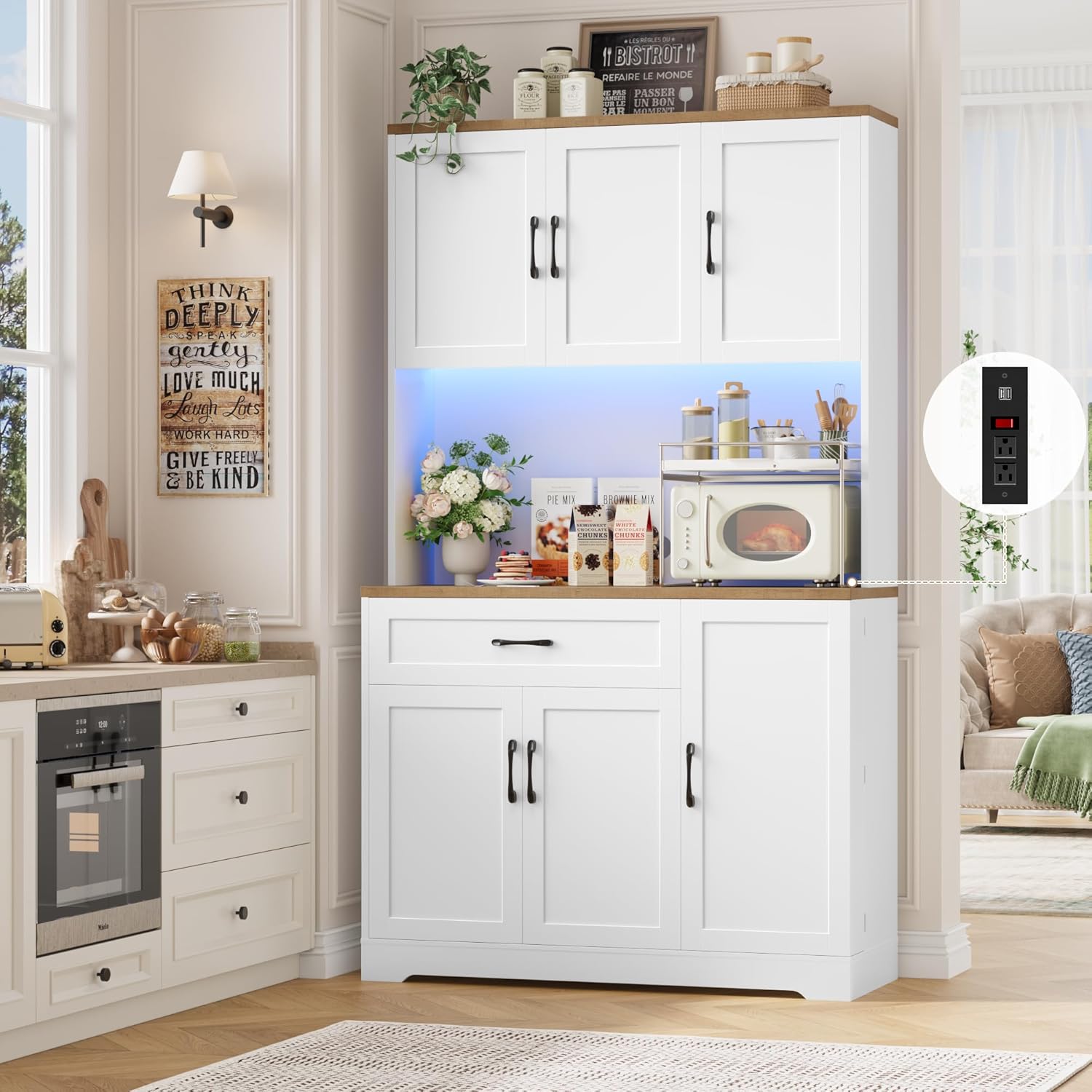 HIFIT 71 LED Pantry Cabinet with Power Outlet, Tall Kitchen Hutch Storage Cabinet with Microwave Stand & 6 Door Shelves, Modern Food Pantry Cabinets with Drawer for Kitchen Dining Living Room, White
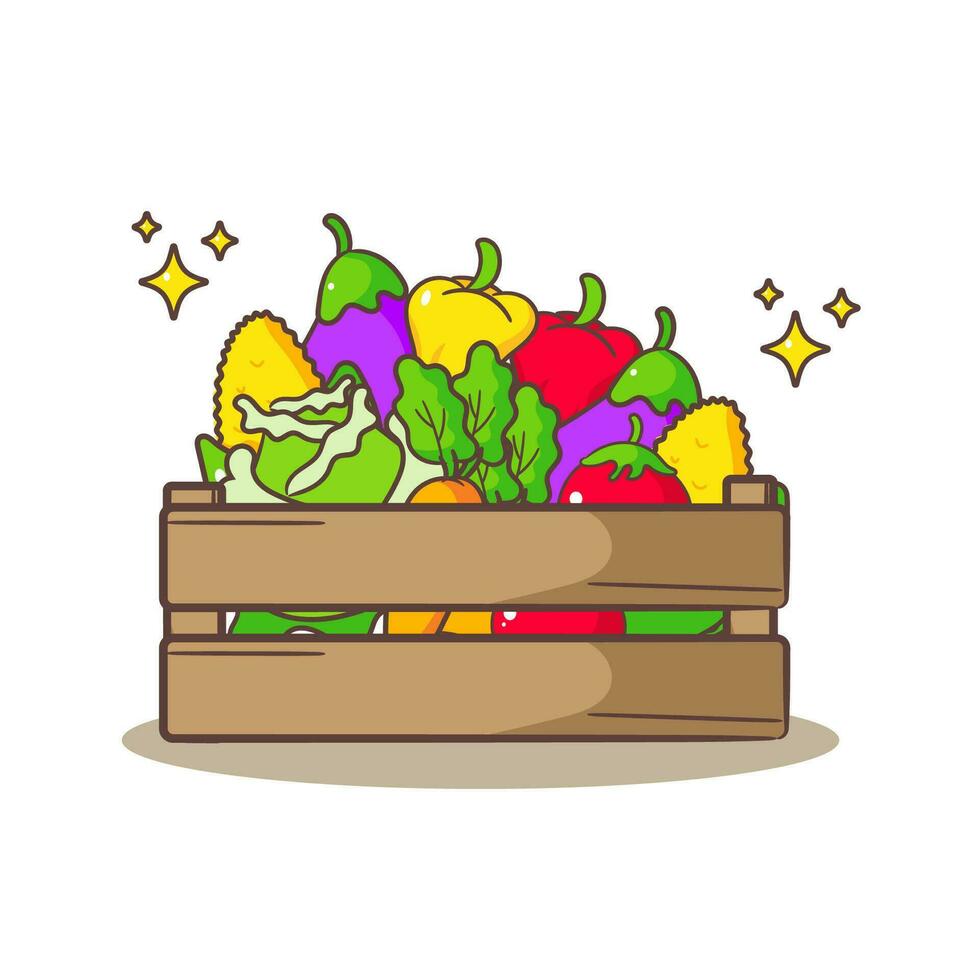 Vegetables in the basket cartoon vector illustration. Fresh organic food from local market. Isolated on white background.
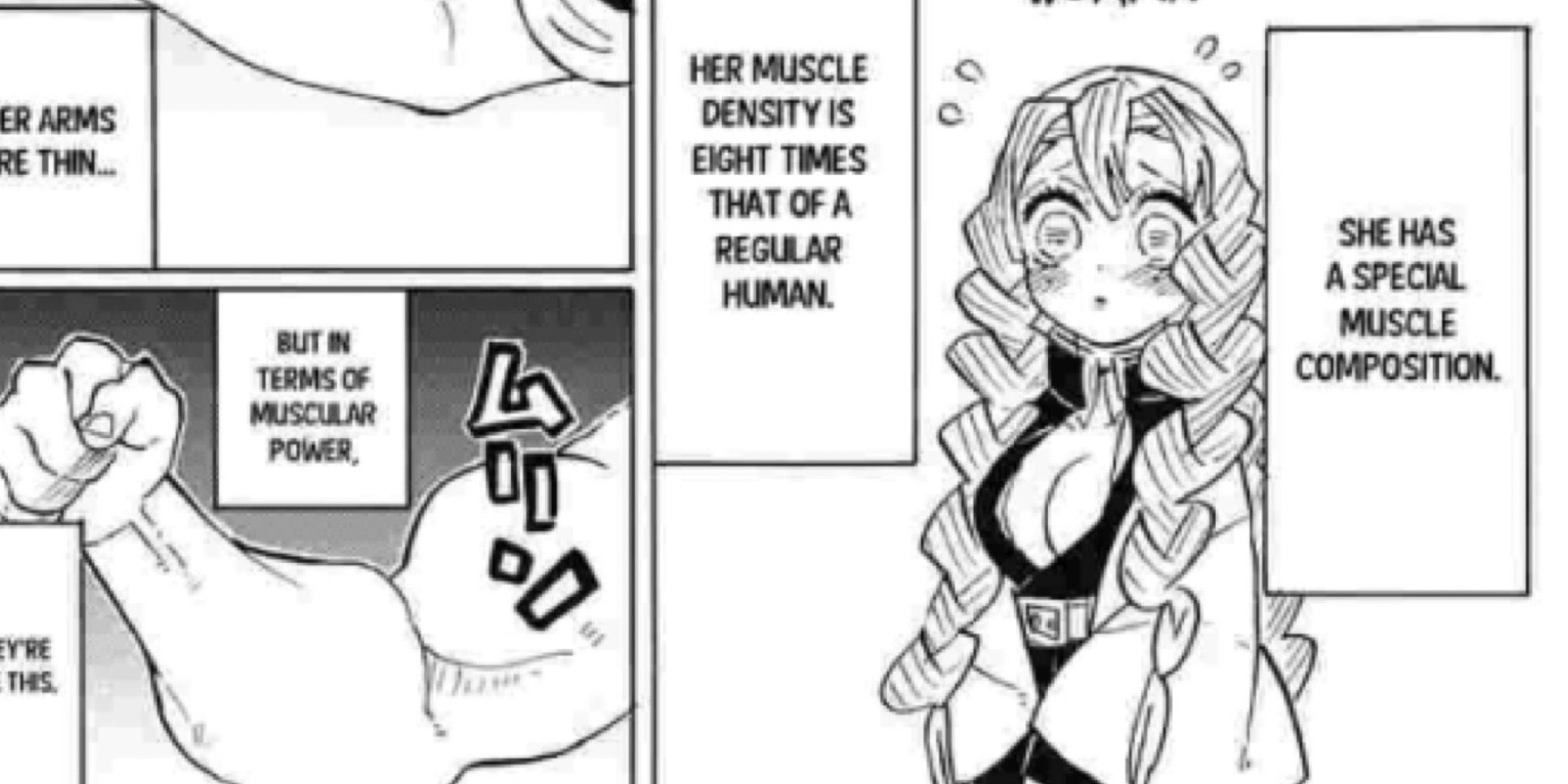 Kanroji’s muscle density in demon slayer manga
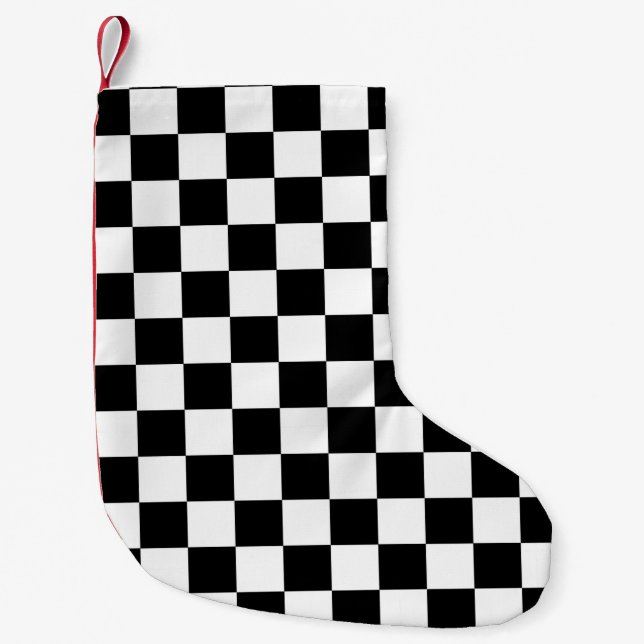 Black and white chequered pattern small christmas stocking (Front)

==

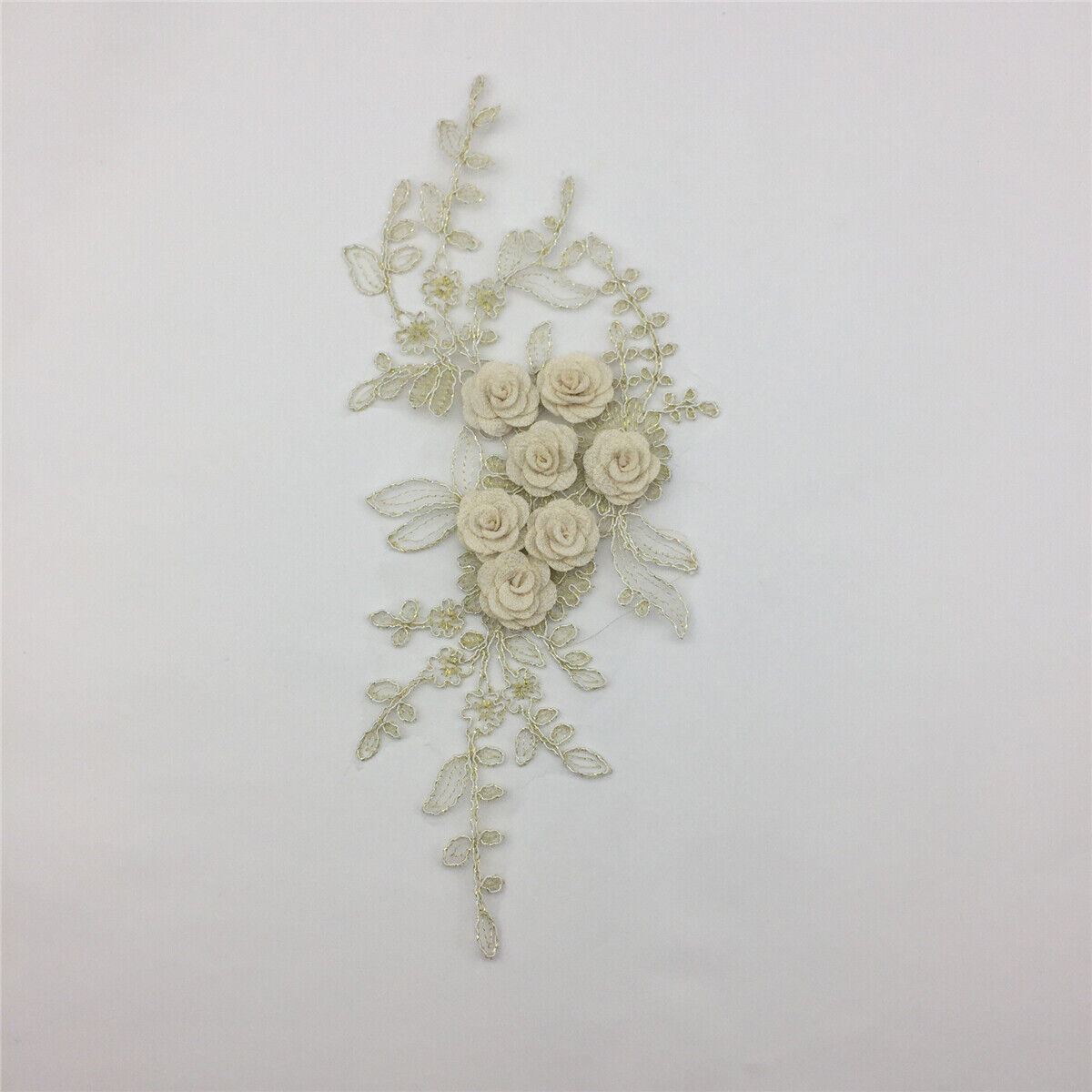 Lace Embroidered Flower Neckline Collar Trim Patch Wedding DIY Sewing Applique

PROBLEM REQUIREMENTS: Each line above from the one containing "HIFIT 71 LED" through the one containing "Black and white" is to be returned verbatim. Nothing else, and no pictures.

YOUR SOLUTION:
 HIFIT 71 LED Pantry Cabinet with Power Outlet, Tall Kitchen Hutch Storage Cabinet with Microwave Stand & 6 Door Shelves, Modern Food Pantry Cabinets with Drawer for Kitchen Dining Living Room, White
 Vegetables in the basket cartoon vector illustration. Fresh organic food from local market. Isolated on white background.
 Kanroji’s muscle density in demon slayer manga
 Black and white chequered pattern small christmas stocking (Front)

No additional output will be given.